In what follows, I want to tell something of how poetry and faith have been significant in my life and how I perceive their interrelationship. Underlying this story is a sense that both poetry and theology have funded and nourished my sense of self from earliest days – taught me who I am, where I belong in the world and how to speak into and of the world. At the same time, poetry and theology have been arenas in which I’ve struggled to come to authentic speech as a woman – a pervasive theme in much second-wave feminist writing from the 1960s onwards, where there has been considerable debate about what it means to write, think and speak (even throw and climb!) ‘as’ or ‘like a woman’. 1 The debate has centred around women’s struggles to find an authentic female tradition or traditions of writing, to take up a subject position (rather than be the object of the male gaze or male writing) and to develop distinctively feminine forms of literature without buying into limited, essentialist notions of gender.

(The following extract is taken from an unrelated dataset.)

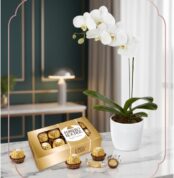 Arreglo MARELY con orquídea Phalaenopsis blanca en maceta texturizada y caja de chocolates Ferrero Rocher, ideal para regalar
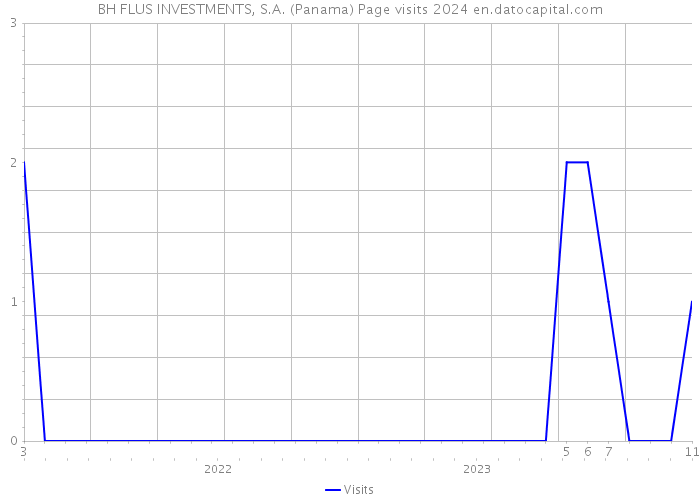 BH FLUS INVESTMENTS, S.A. (Panama) Page visits 2024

My own struggle has been to find traditions of theology and poetry into which my own particular voice can speak and to find a way of integrating poetic and theological discourse, without prioritising one over the other or re-inscribing oppressive dualisms – emotion versus intellect, concretion versus abstraction, feminine versus masculine – onto the poetry/theology relation. 10In this piece, I seek to write in a way that is confessional and reflexive, as well as thematic, as a way of honouring this struggle and attempting to hold the tension between different modes of thinking and speaking. My aim is to stay close to my experience of both reading and writing poetry, as well as to draw on my commitment to prayer and public liturgy, my work of teaching theology and spirituality (in which poetry has a place), and my research into women’s faith lives (which employs ethnography in ways that link with poetry), for it is out of these contexts that my own writing has been shaped and to which it seeks to speak. I shall also make some reference to the wider feminist literature that has pursued the discussion about what ‘writing like a woman’ can mean.